- SUPPLIED MATERIAL:
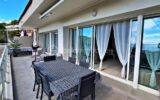 A saisir, Appartement front de mer T3 – 95m², terrasse 30m², parking + cave, dans résidence de haut standing, secteur prisé du Rouet – – 4 pièces – 2 chambres – 95 m²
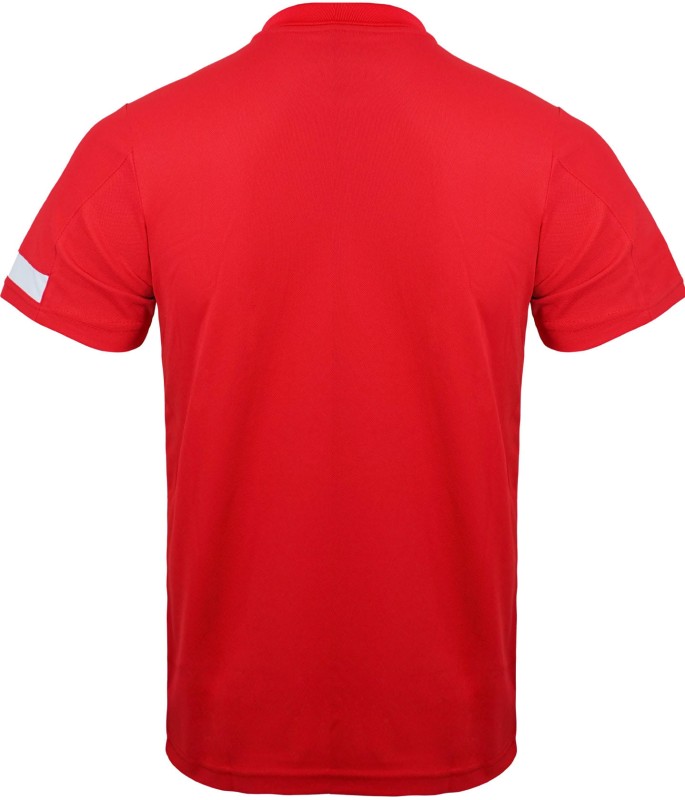 Koszulka Polo Best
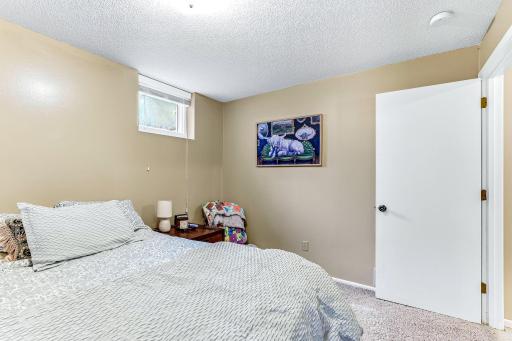 17640 Ionia Court, Lakeville, MN 55044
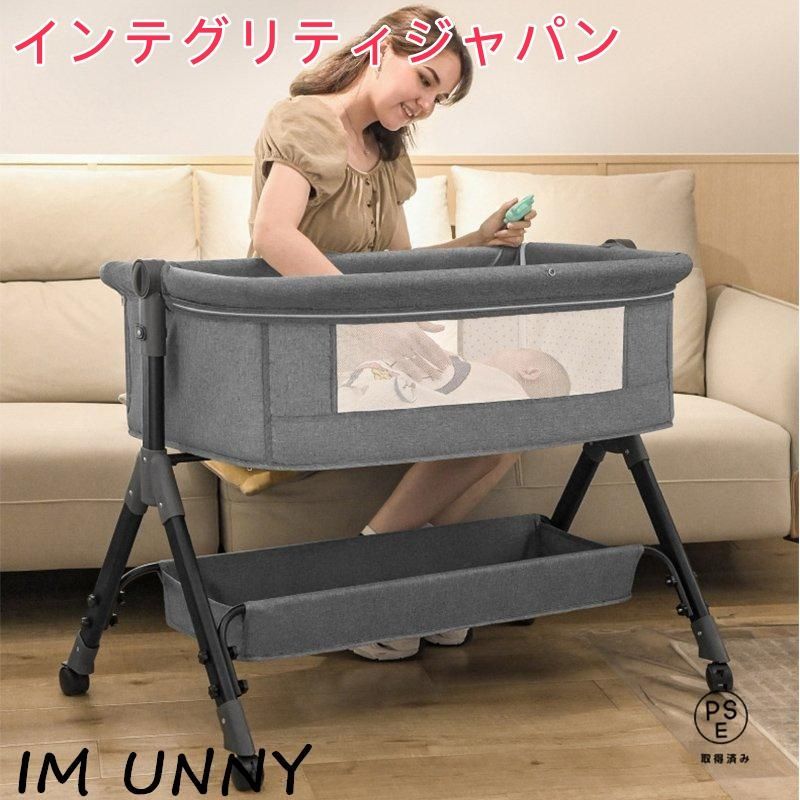ベビーサークル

- DIRECTIONS FOR THIS TASK: Everything in the material goes into the copy exactly, except the images.

- RESPONSE BELOW:
 A saisir, Appartement front de mer T3 – 95m², terrasse 30m², parking + cave, dans résidence de haut standing, secteur prisé du Rouet – – 4 pièces – 2 chambres – 95 m²
 Koszulka Polo Best
 17640 Ionia Court, Lakeville, MN 55044
ベビーサークル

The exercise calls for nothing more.